*Your task*.
Please keep pictures out and return the lines below exactly, from the one holding "Venus and Cupid by Lucas Van Leyden" through the last, both included.

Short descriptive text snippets
....................

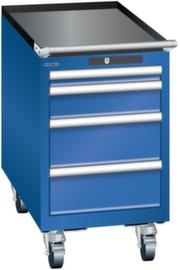 LISTA Schubladenschrank mobil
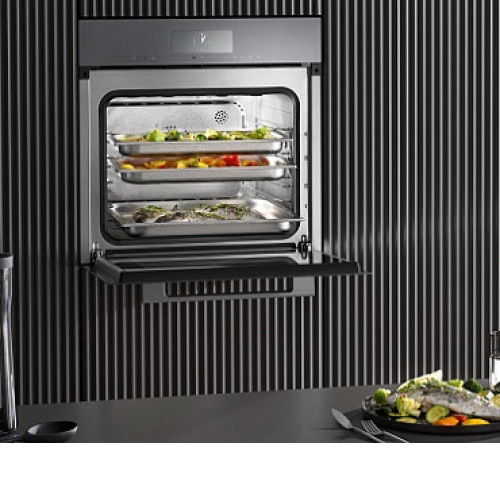 Пароварка MIELE DGC 7440 EDST/CLST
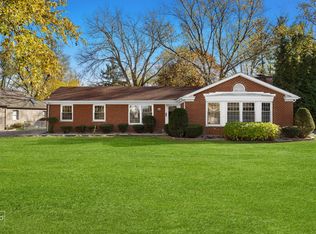 20329 Ithaca Rd, Olympia Fields, IL 60461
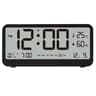 Multifunctional LED Digital Alarm Clock With Temperature Humidity Display 6
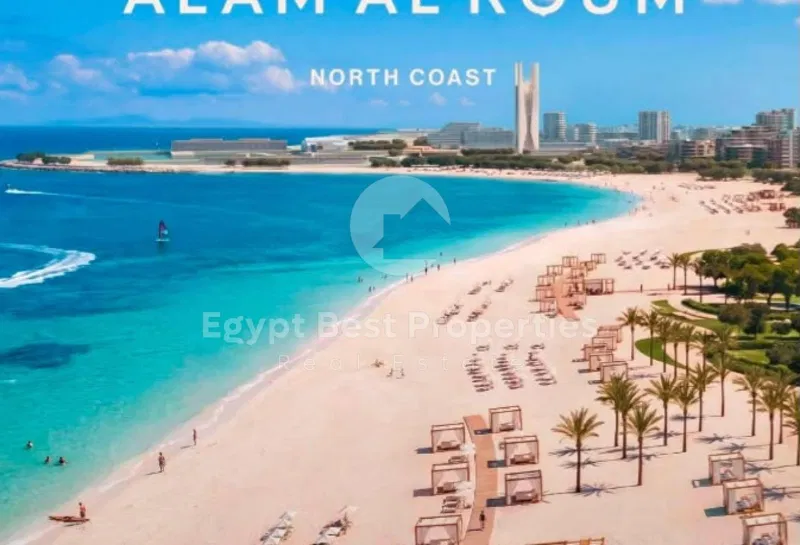 تاون هاوس 3 غرف 144 م² للبيع في علم الروم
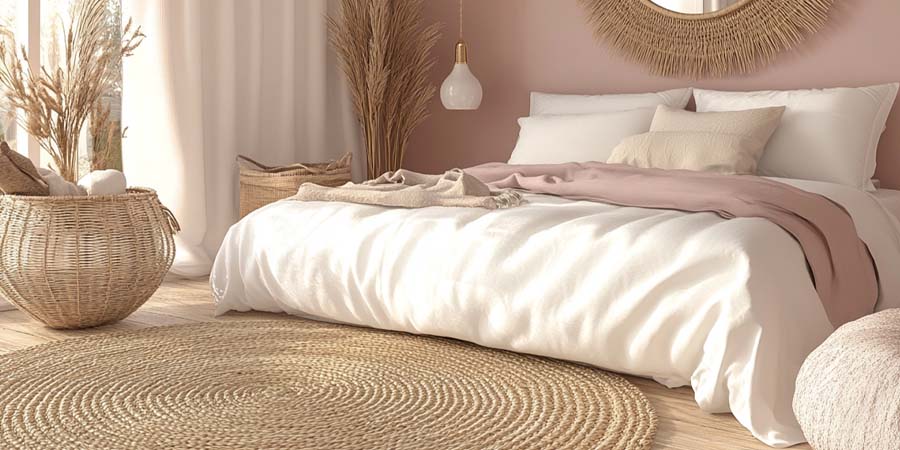 Peinture chambre rose : idées déco, associations de couleurs et inspirations
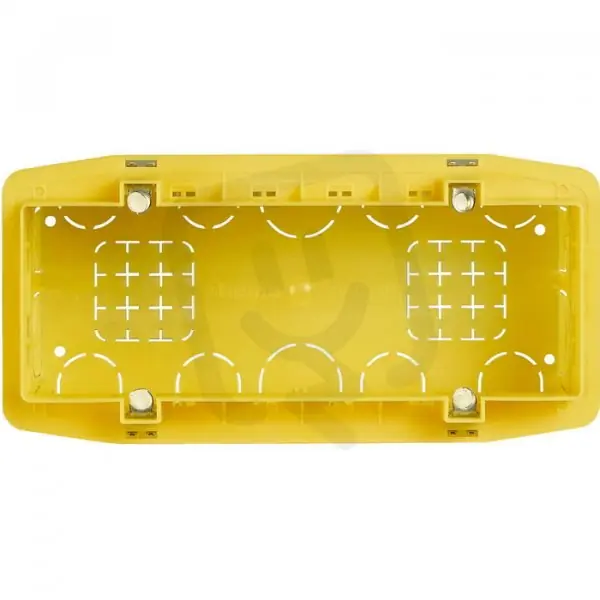 Top Prodej BTICINO LIVINGLIGHT KRABICE PRO ZAPUŠTĚNOU MONTÁŽ 506L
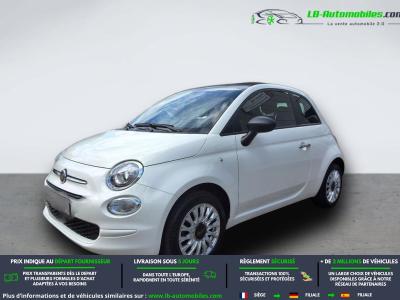 Fiat 500 C 1.0 70 ch Hybride BSG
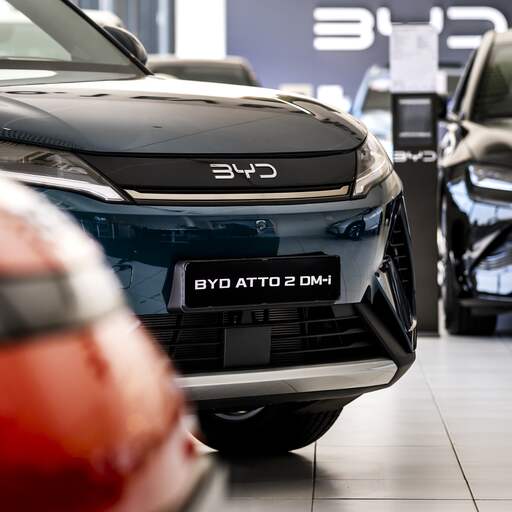 Illustratie bij: Chinese automerken geven verkoop elektrische auto's in EU flinke boost
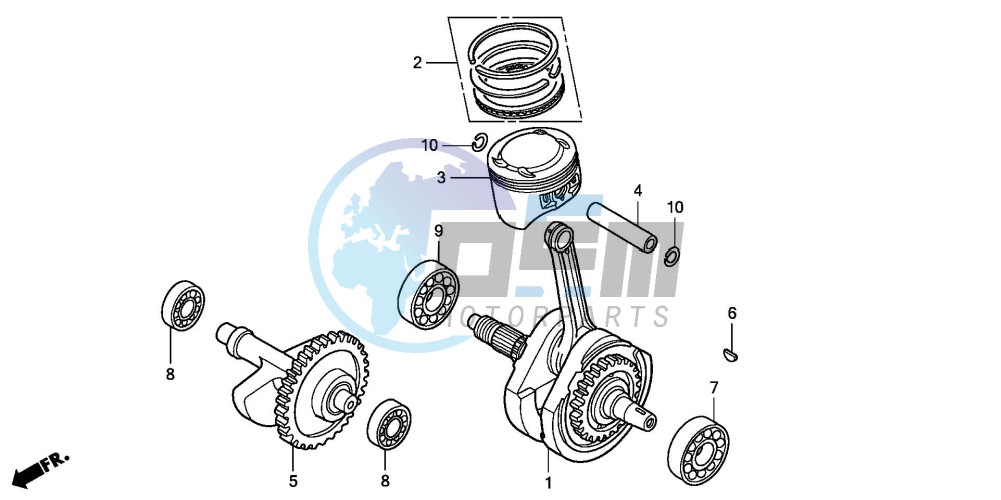 CRANKSHAFT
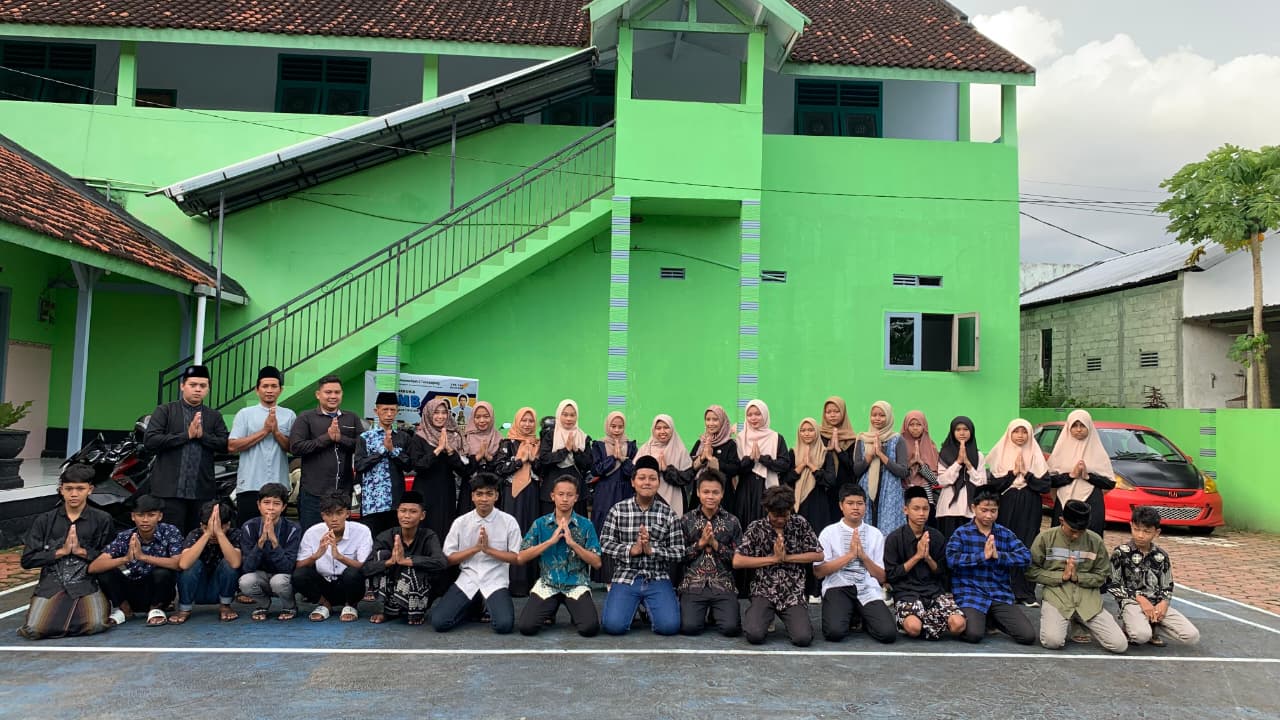 SMP Muhammadiyah 2 Tulungagung Gelar Darul Arqam Ramadhan untuk Meningkatkan Akhlak dan Ketakwaan Siswa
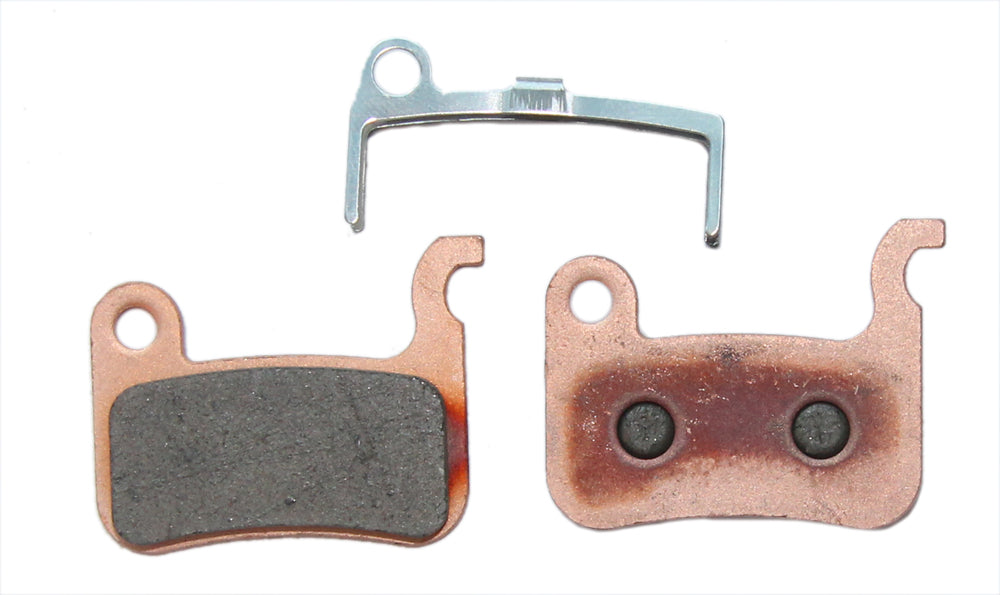 Ebc - Brake Pad Shimano Xtr/Xt 04/Saint Metalic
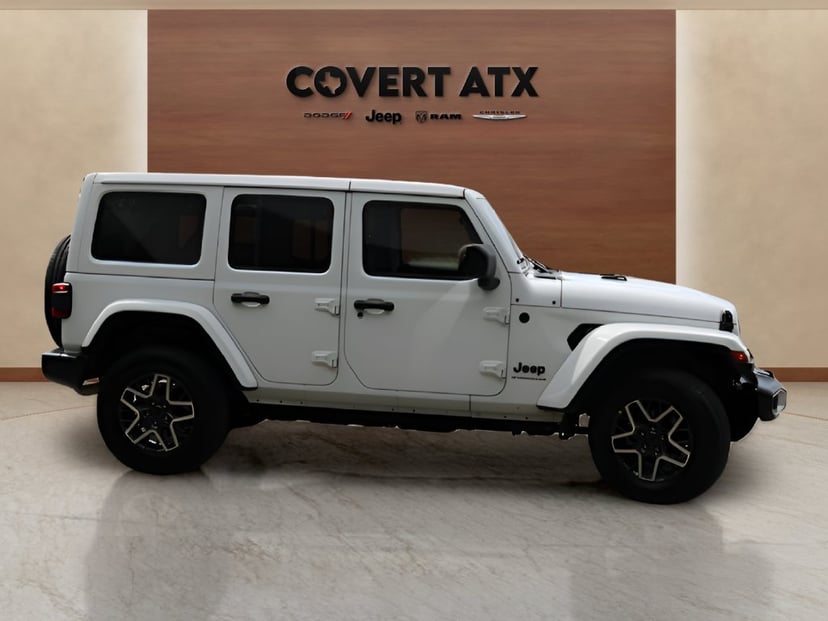 2025 Jeep Wrangler - Image 1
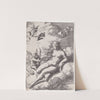 Venus and Cupid by Lucas Van Leyden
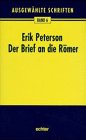 Ausgewählte Schriften, 12 Bde., Bd.6, Der Brief an die Römer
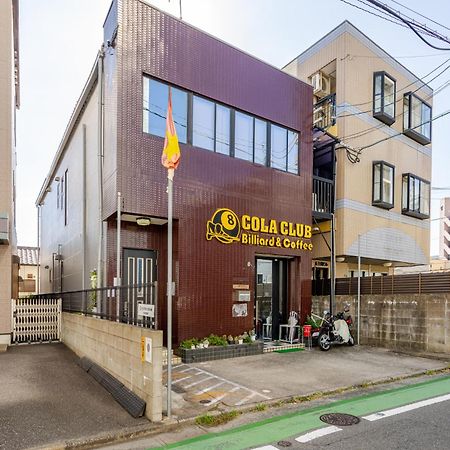 פוקואוקה Stayinn Hakata - Vacation Rental, Japanese-Style Rooms מראה חיצוני תמונה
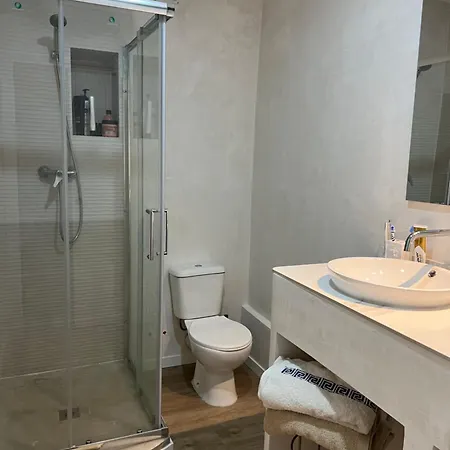 Bellaire Barri Vell Daire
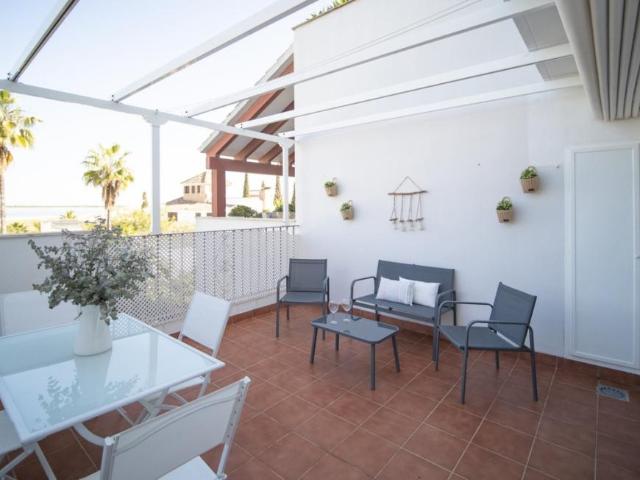Apartamento en alquiler en Sanlúcar De Barrameda, Urbanización Espíritu Santo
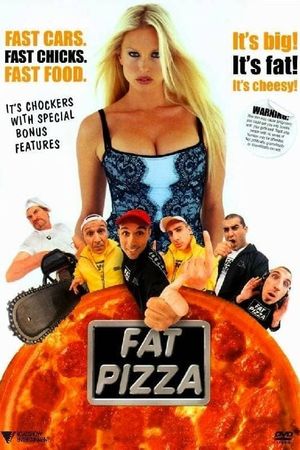 Fat Pizza's poster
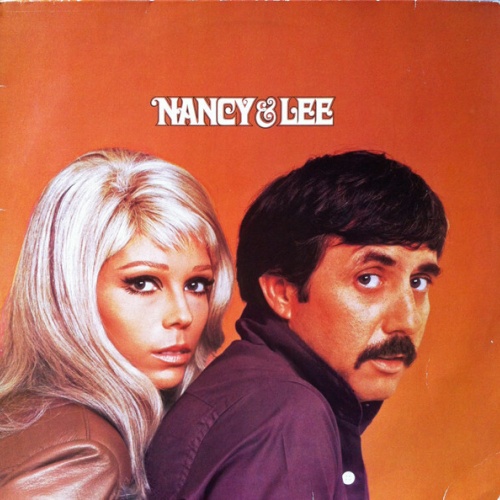 LP, Album Nancy Sinatra & Lee Hazlewood - Nancy & Lee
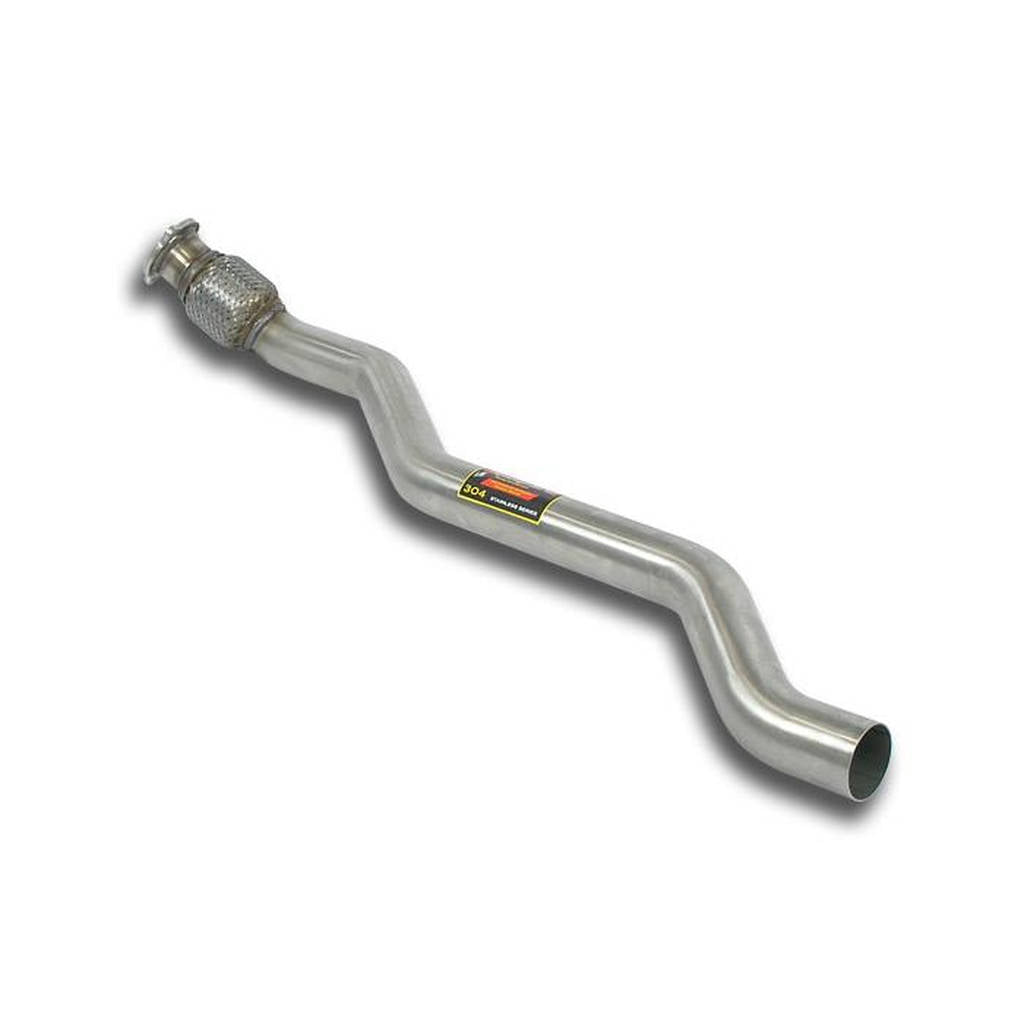SUPERSPRINT 767812 Front pipe AUDI A4 ALLROAD '09 -> Photo-0 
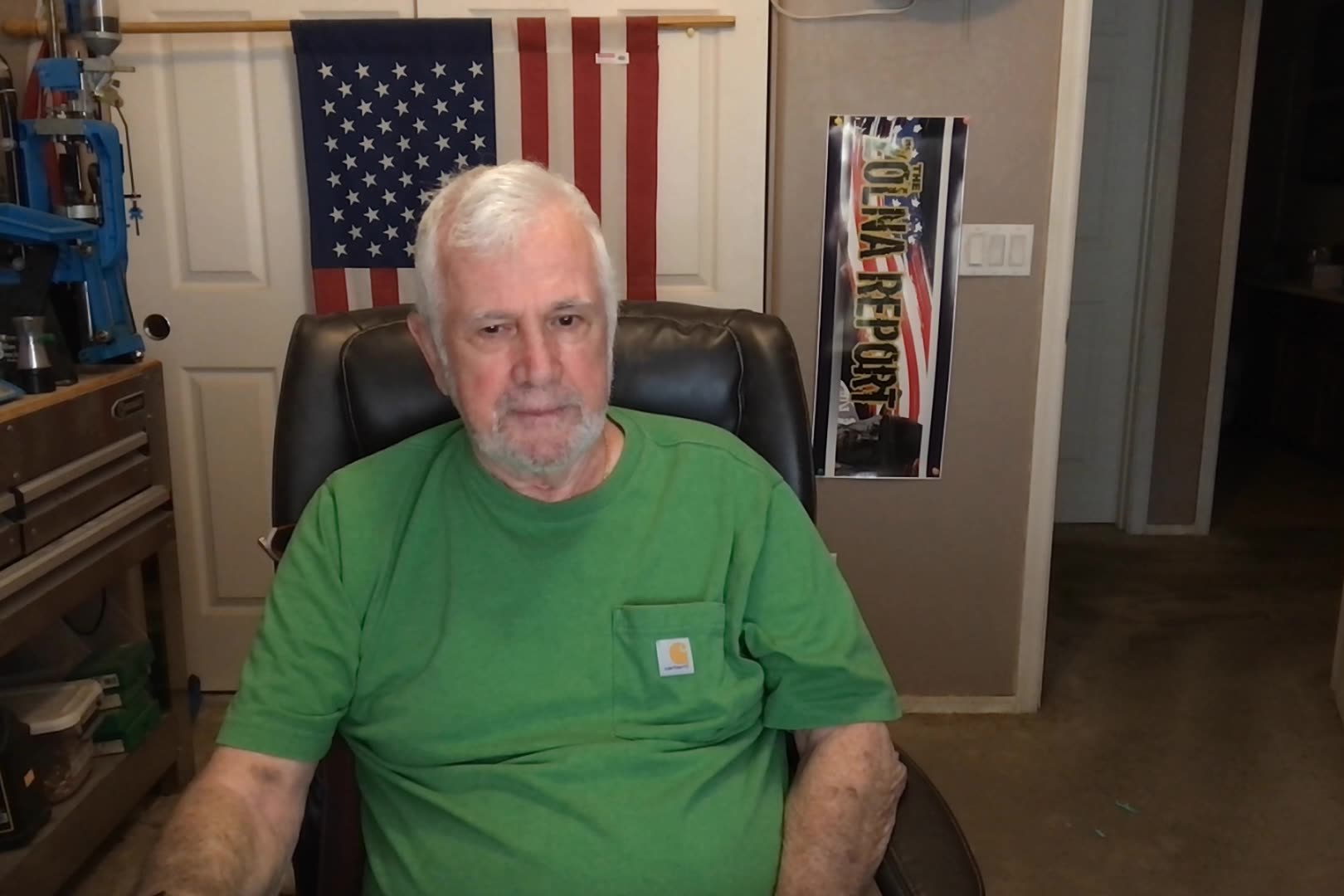 John Boltons Home FBI Raid Absolute Retribution, By Mentally Deranged President!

....................

*Result of this exercise*.
 Venus and Cupid by Lucas Van Leyden
 Ausgewählte Schriften, 12 Bde., Bd.6, Der Brief an die Römer
 פוקואוקה Stayinn Hakata - Vacation Rental, Japanese-Style Rooms מראה חיצוני תמונה
 Bellaire Barri Vell Daire
Apartamento en alquiler en Sanlúcar De Barrameda, Urbanización Espíritu Santo
 Fat Pizza's poster
 LP, Album Nancy Sinatra & Lee Hazlewood - Nancy & Lee
SUPERSPRINT 767812 Front pipe AUDI A4 ALLROAD '09 -> Photo-0 
 John Boltons Home FBI Raid Absolute Retribution, By Mentally Deranged President!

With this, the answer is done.